### TASK DIRECTIONS
This task calls for the lines below starting at the one containing "Последний звонок 11" and ending at the one containing "Мужской Повседневный Ретро-берет", repeated exactly with both ends kept and pictures left out.

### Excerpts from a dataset
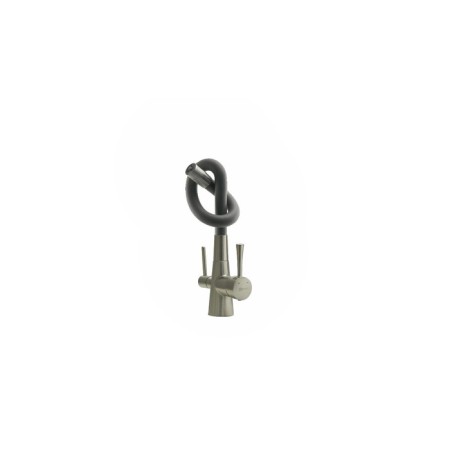 LEMARK COMFORT LM3075BN kitchen mixer, single -leaf, output for drinking, nickel-2
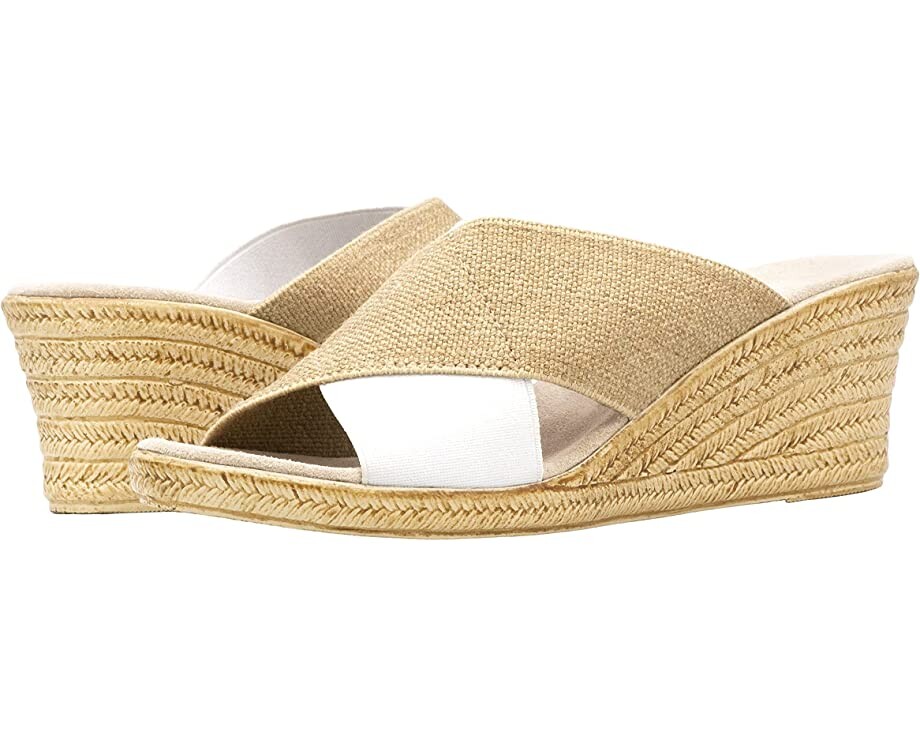

Туфли на каблуках Backless Cannon Charleston Shoe Company, лен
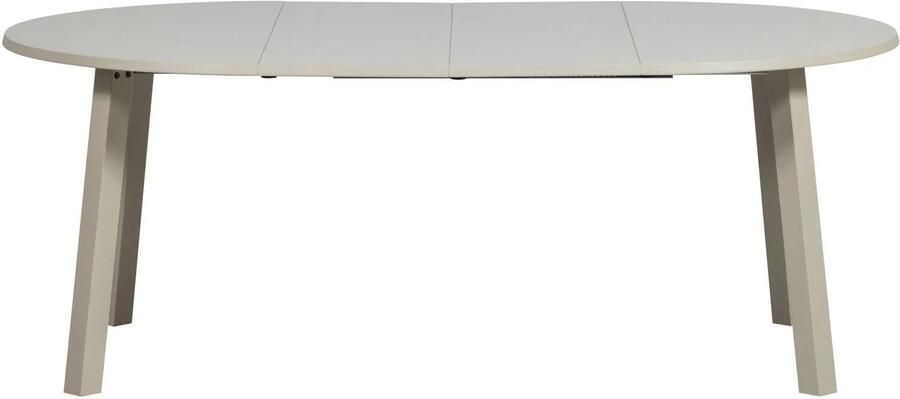 WOOOD Janne Uitschuifbare Eettafel Rond 120Ø cm Eiken Dakargrau - Foto 3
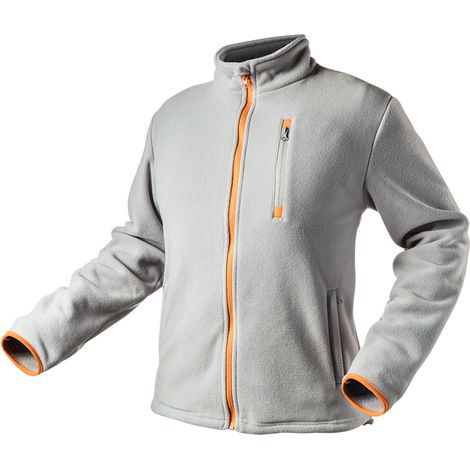 NEO Polar-Fleecejacke 300g/m², grau S/48 (1/3)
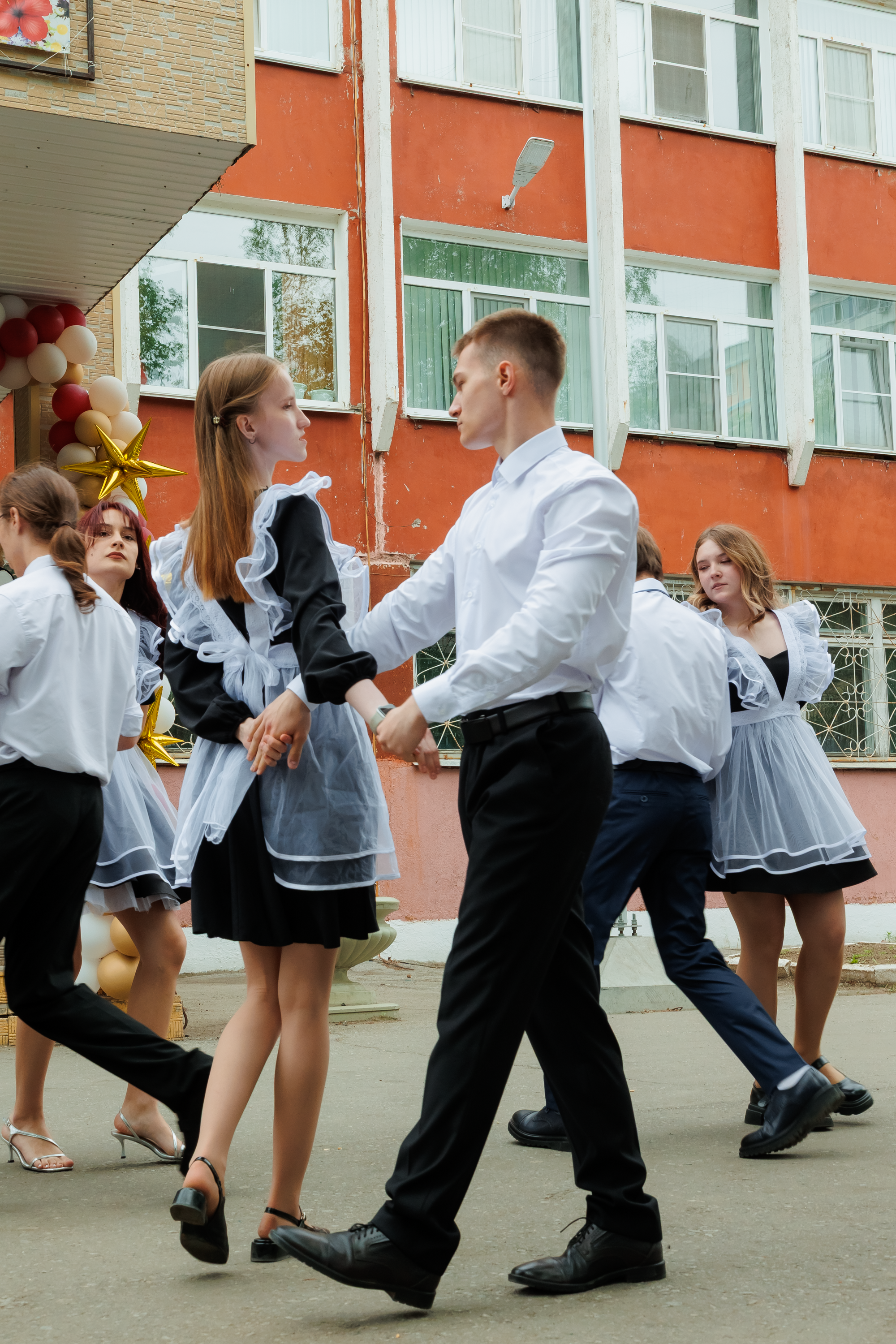 Последний звонок 11 класс. Фотограф из Хабаровска Юлия Черёмушкина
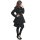 PUSSY DELUXE Pretty Dotties Girl Coat black
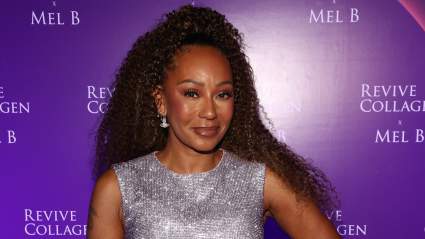 Mel B, 51, Hasn’t Aged a Day in Figure-Hugging Leopard-Print Bodysuit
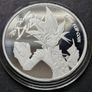 Niue: Yu-Gi-Oh! Game Flip - 25th Anniversary 1 oz Silver 2023 Coin Image 3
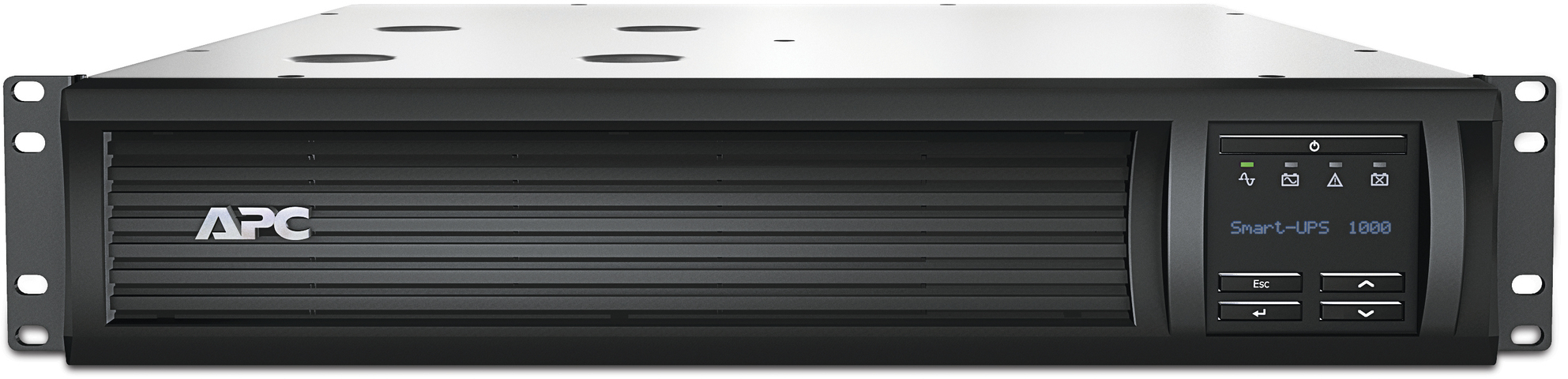 APC - UPS APC Smart-UPS 1000VA LCD RM 2U 230V com SmartConnect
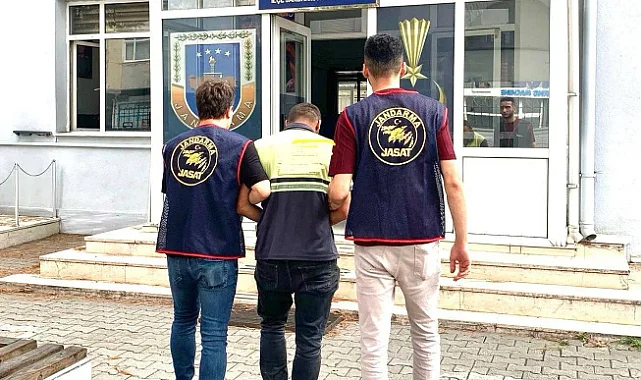 Samsun'da 10 Yıl Kesinleşmiş Hapis Cezası Bulunan Hükümlü Yakalandı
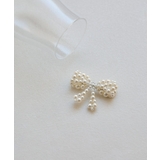 niana ニアナ ミニパールリボンブローチ | Fashion Letter | 詳細画像7 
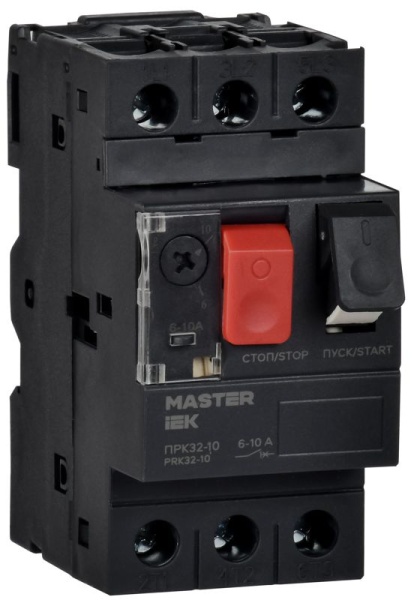 Пускатель ПРК32-10 In10А Ir6-10А Ue 660В KARAT IEK DMS11-010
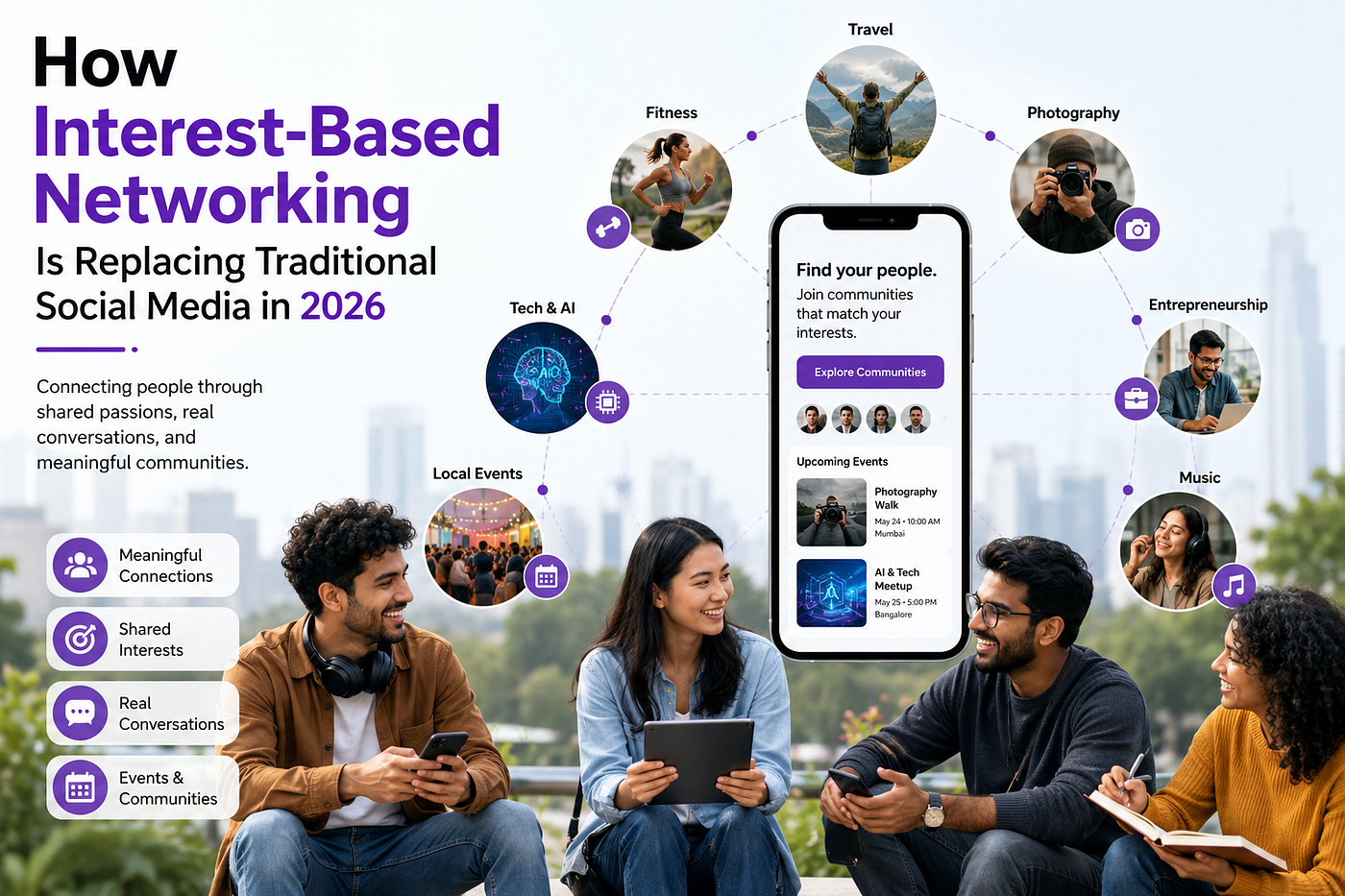 How Interest-Based Networking Is Replacing Traditional Social Media in 2026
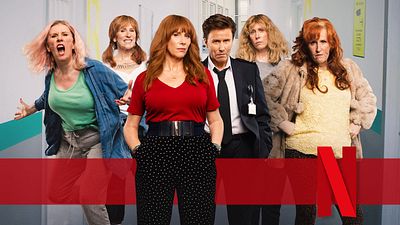 bild aus der news In dieser neuen Netflix-Sitcom spielt ein "The Office"-Star 6 (!) verschiedene Rollen: Trailer zu "Hard Cell"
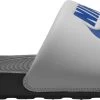Nike Men's Victori One Slides 2 Nike Men's Victori One Slides -Sports store 20NIKMMVCTRNWHTBLOPE Lt Smk Gry Game Ryl Black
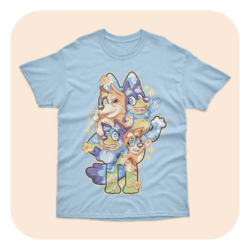 Magical Silhouettes Bluey T-Shirt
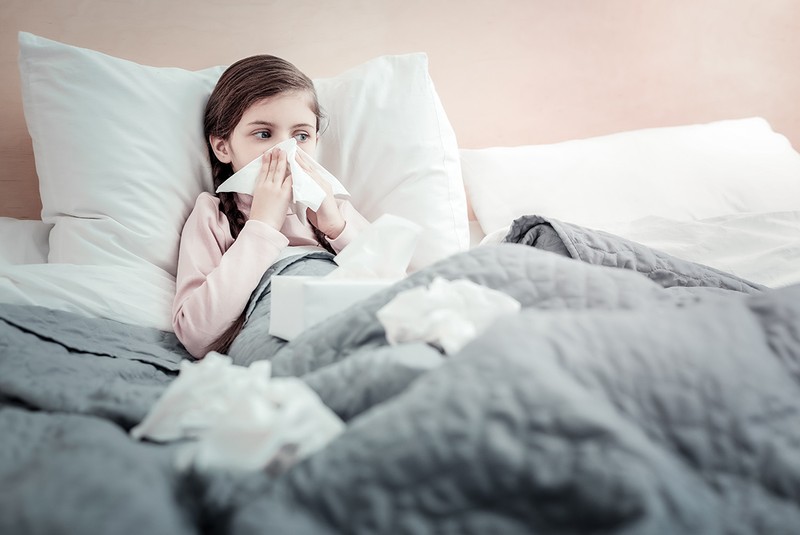 Copiii sunt cei mai vulnerabili la alergii. Foto ilustrativ: Shutterstock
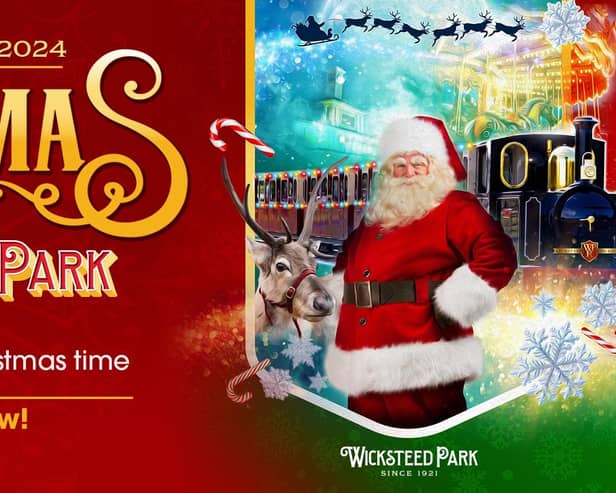 Win tickets for Wicksteed Park’s festive family experience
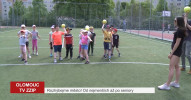 Profesionální sportovci se zapojili do projektu Sportuje celá Olomouc.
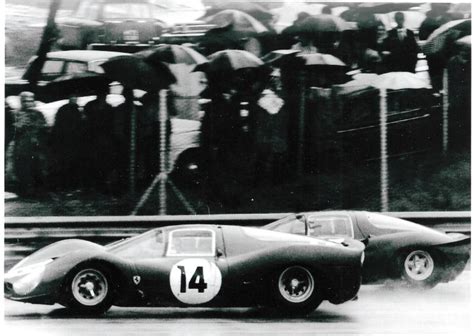 rare & interesting Ferrari photographic Collection - Ferrari 330 P3 1000Km. winner Monza 1966 ...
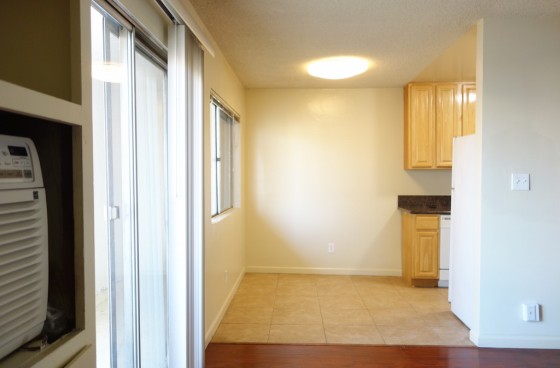 Top Level Unit w/Balcony, Parking in Gated, Retrofitted Building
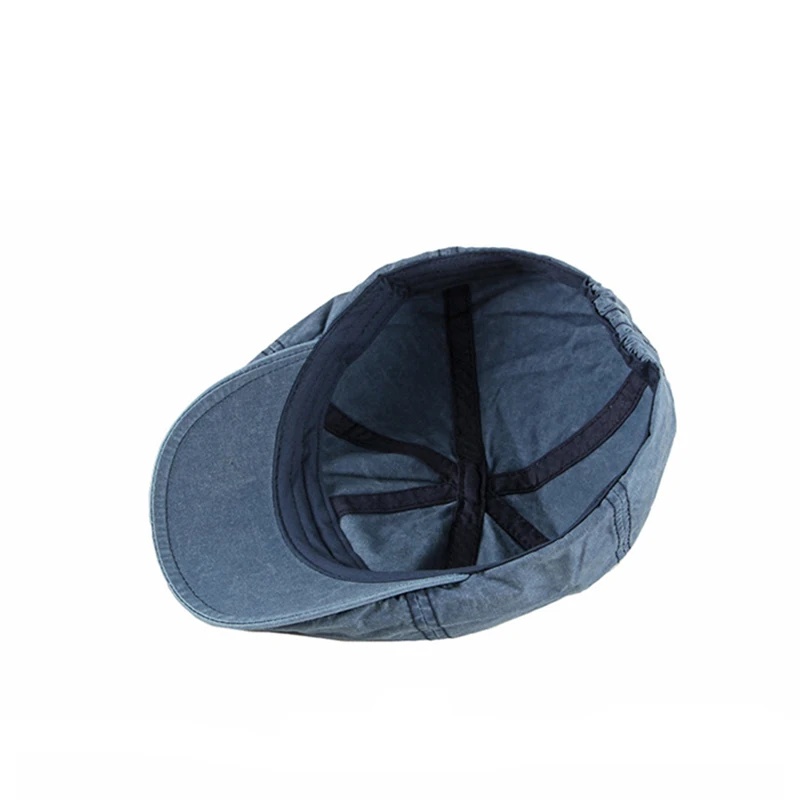 Мужской Повседневный Ретро-берет британская модная восьмиугольная шапка защита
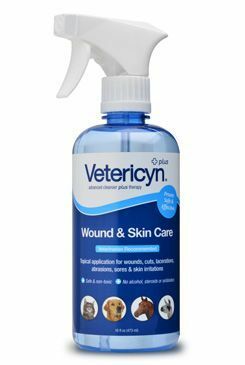 Vetericyn Roztok kůže a rány 500ml all animals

### TASK RESULT
 Последний звонок 11 класс. Фотограф из Хабаровска Юлия Черёмушкина
 PUSSY DELUXE Pretty Dotties Girl Coat black
 Mel B, 51, Hasn’t Aged a Day in Figure-Hugging Leopard-Print Bodysuit
 Niue: Yu-Gi-Oh! Game Flip - 25th Anniversary 1 oz Silver 2023 Coin Image 3
 APC - UPS APC Smart-UPS 1000VA LCD RM 2U 230V com SmartConnect
 Samsun'da 10 Yıl Kesinleşmiş Hapis Cezası Bulunan Hükümlü Yakalandı
 niana ニアナ ミニパールリボンブローチ | Fashion Letter | 詳細画像7 
 Пускатель ПРК32-10 In10А Ir6-10А Ue 660В KARAT IEK DMS11-010
 How Interest-Based Networking Is Replacing Traditional Social Media in 2026
 bild aus der news In dieser neuen Netflix-Sitcom spielt ein "The Office"-Star 6 (!) verschiedene Rollen: Trailer zu "Hard Cell"
Nike Men's Victori One Slides 2 Nike Men's Victori One Slides -Sports store 20NIKMMVCTRNWHTBLOPE Lt Smk Gry Game Ryl Black
 Magical Silhouettes Bluey T-Shirt
 Copiii sunt cei mai vulnerabili la alergii. Foto ilustrativ: Shutterstock
 Win tickets for Wicksteed Park’s festive family experience
 Profesionální sportovci se zapojili do projektu Sportuje celá Olomouc.
 rare & interesting Ferrari photographic Collection - Ferrari 330 P3 1000Km. winner Monza 1966 ...
 Top Level Unit w/Balcony, Parking in Gated, Retrofitted Building
 Мужской Повседневный Ретро-берет британская модная восьмиугольная шапка защита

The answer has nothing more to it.